A few days ago, hundreds academicians, technocrats, politicians and members of a general public, held a consultative meeting here in Mwanza City to discuss the Constitution Review Act of 2011 which was amended early this year. Participants strongly think that the population in general has little knowledge on the Constitution Review Act and on other pertinent issues.
One resident, Mr Augustine Nyakatoma said, “Most people, particularly those in rural areas are not even aware of the current constitution, let alone the Constitutional Review Act of 201. In January, last year, President Jakaya Kikwete pledged to call a referendum for a new constitution and also reaffirmed the government’s commitment to ensure the new constitution will be in place by the year 2014, a year before the next presidential and parliamentary elections.
As part of the preparations, the Tanzania National Assembly passed the Constitutional Review Bill on November 18, 2011 and the President accented it into a Law just a week later. However, President Kikwete reiterated that the government would not close its doors to constructive opinions and suggestions from the people.
Following an overwhelming views and opinions from various segments of the society, the government early February, this year proposed some amendments that were presented to the National Assembly for approval. Experts think that intensified public awareness should be directed at the rural population, “If we are not careful we may just find the entire process hijacked by elites who reside in urban areas,” says a Mwanza city resident, Mr Elias Lwanchele.
Igogo ward executive officer, Nyamagana district, Joseph urges relevant authorities to take pragmatic measures in addressing the matter as, “I think the government itself needs to take a lead in this exercise and other players would follow suit.” Several sections of the Bill, for example, came under fire for what critics regarded as strict restrictions in discussing some “sensitive matters,” such as the union between Zanzibar and the Tanzania mainland.
Critics argue that such limitations could deny the public of their “absolute right” to express their views and opinions and “I think people, should be allowed to discuss the 1964 union between Tanganyika and Zanzibar and ultimately decide on the type of union the people would prefer to have,” said one speaker.
The new Act also allows the president in consultation with the president of Zanzibar to select members of the commission that would oversee collection of people’s views and opinions on the proposed constitution. “We think NGOs, trade unions, religious institutions, political parties, academics, need to have their own selections and representation in the envisaged commission,” said Mr Lubale.
Mr Abubakar Kassan, the Executive Director of Nyamagana NGO Network reiterates the need for the general public to refrain from discussing what he described as trivial issues. “Let us focus on fundamental issues that will determine the destiny of our country. The president has agreed to give us the opportunity to discuss the Constitution, so let us make meaningful contributions,” Kassan said.

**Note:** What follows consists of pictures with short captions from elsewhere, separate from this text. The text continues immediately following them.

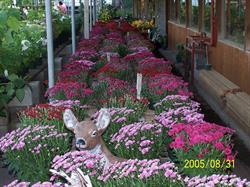 The Gardening Place Ltd, Brampton, ON opening hours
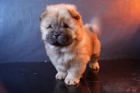 CACHORROS CHOW CHOW DE RAZA Y CALIDAD - mejor precio | unprecio.es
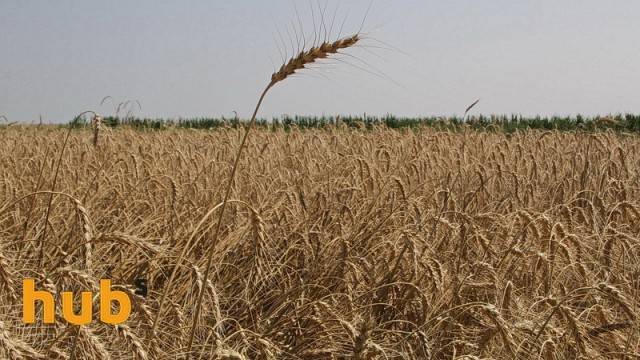 Сельхозпроизводство в Украине в 2020г упало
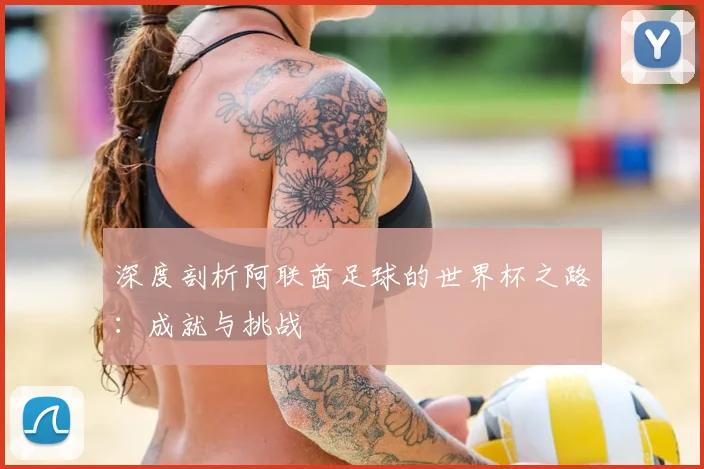 深度剖析阿联酋足球的世界杯之路：成就与挑战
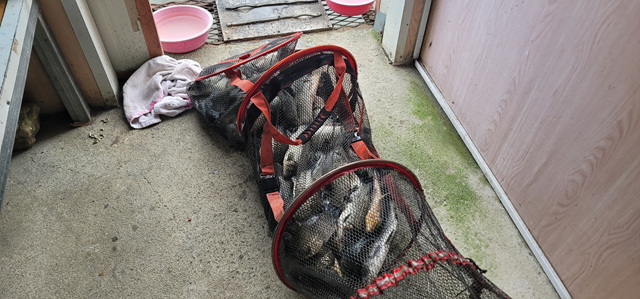 가깝고 물좋고 경치 좋은곳~~!!-용인삼인낚시터-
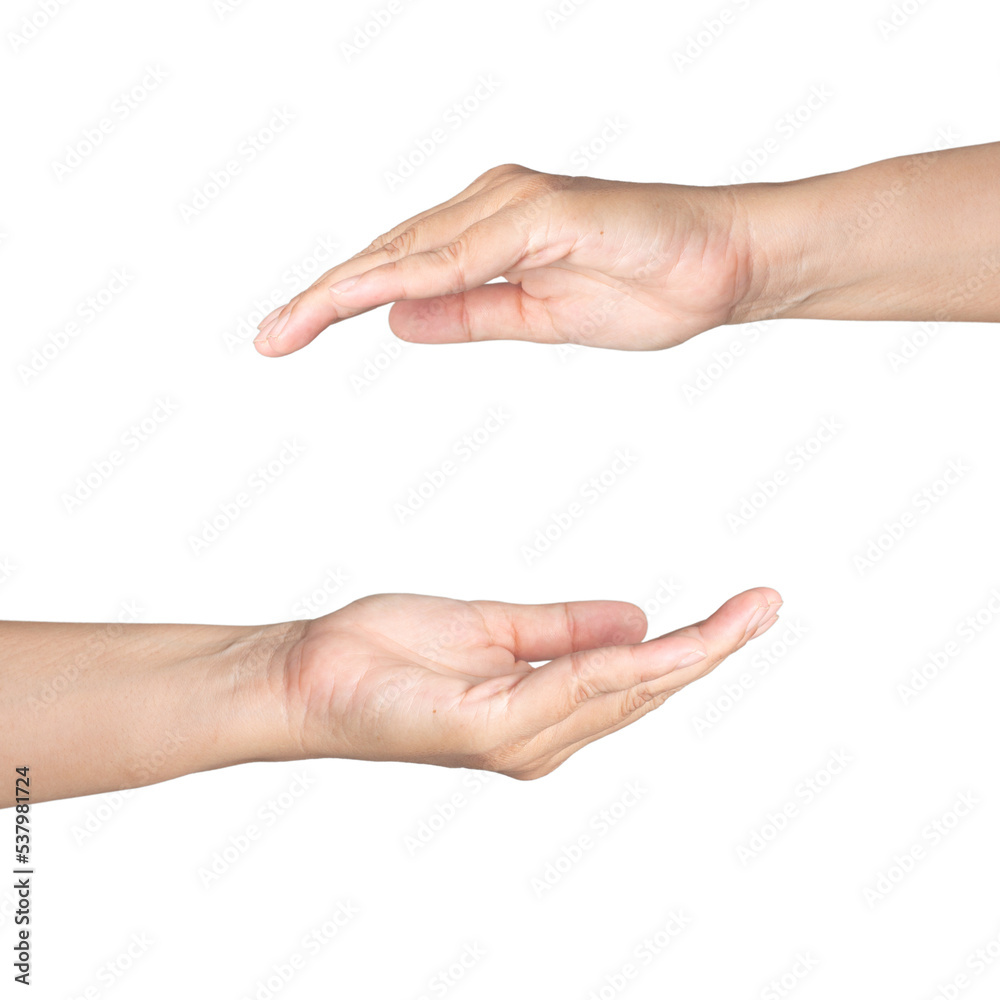 Closeup Beautiful female hand rise hand gesture Isolated give and seek on white background. Set of woman palms raised praise concept for people thumb nail solution. Closeup Beautiful female hand rise hand gesture Isolated give and seek on white background. Set of woman palms raised praise concept for people thumb nail solution.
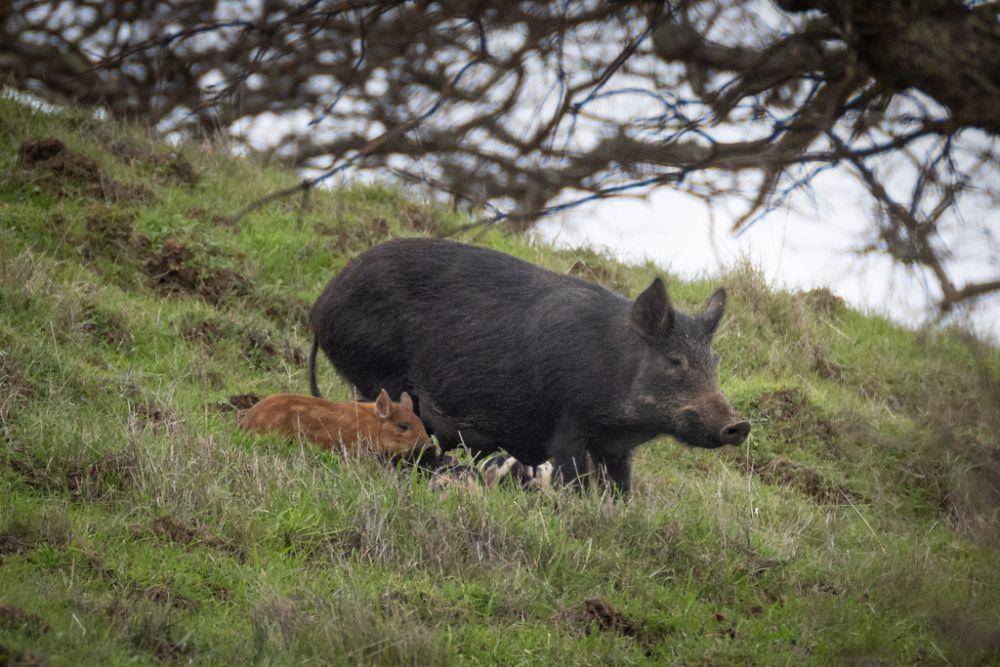 ilustrasi Sus scrofa (inaturalist.org/eric_graham)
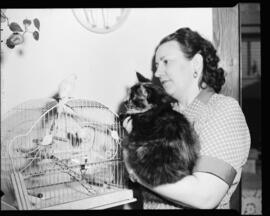 Pets, Cat and Budgie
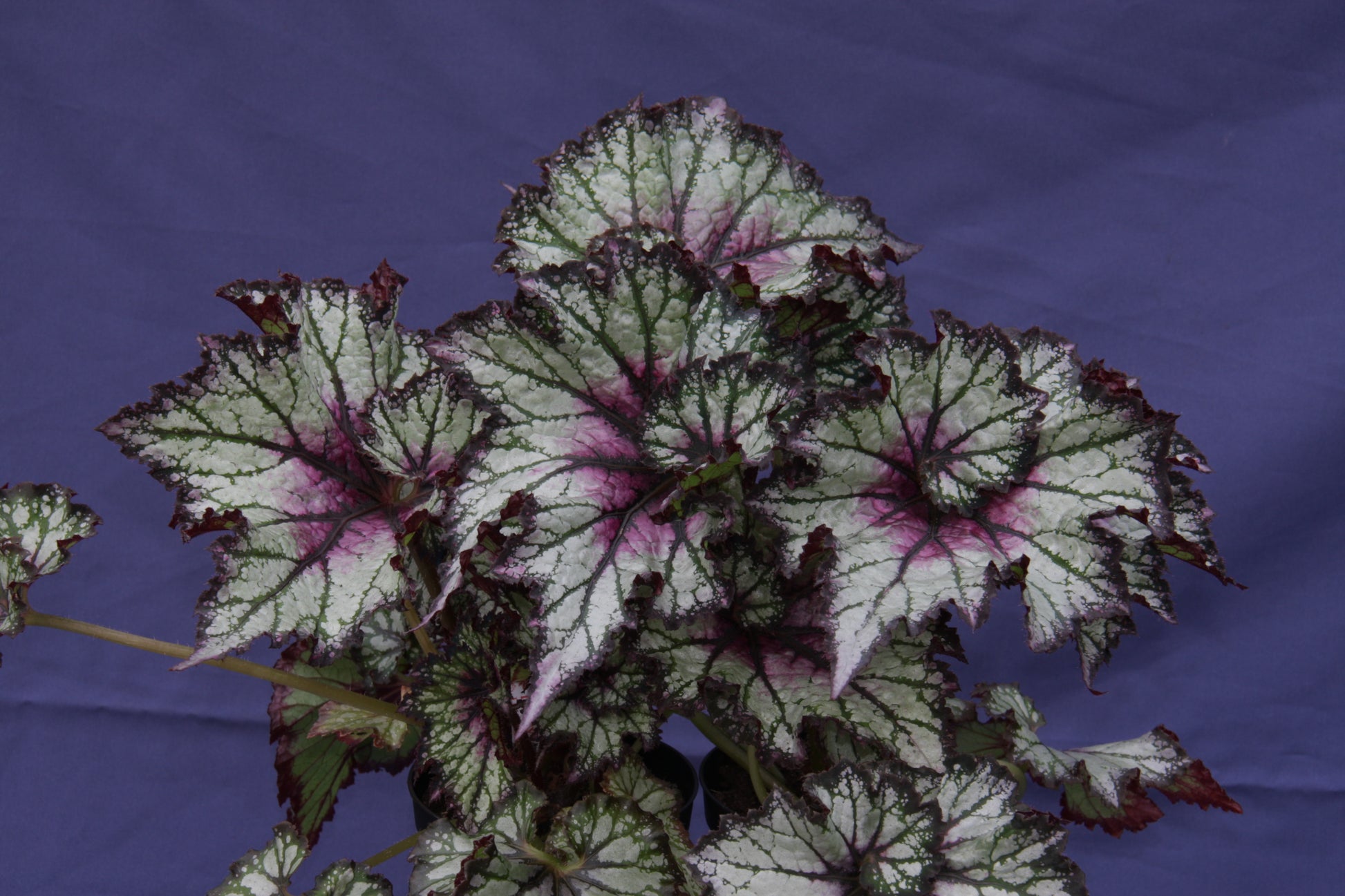 Red Tempest - Dibleys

In his monthly address to the nation in February this year, President Kikwete urged Tanzanians to fully participate on the on-going processes toward writing a new constitution in the country. Mr Kassan also shared same sentiments as saying, “Let us read and try to understand the current constitution and come out with relevant suggestions aimed at improving it. The task of educating the public shouldn’t be left to the government alone and on the contrary every one of us must play an active role in this exercise.” Mr Kassan also calls on media practitioners to educate the people on matters pertaining to the constitution.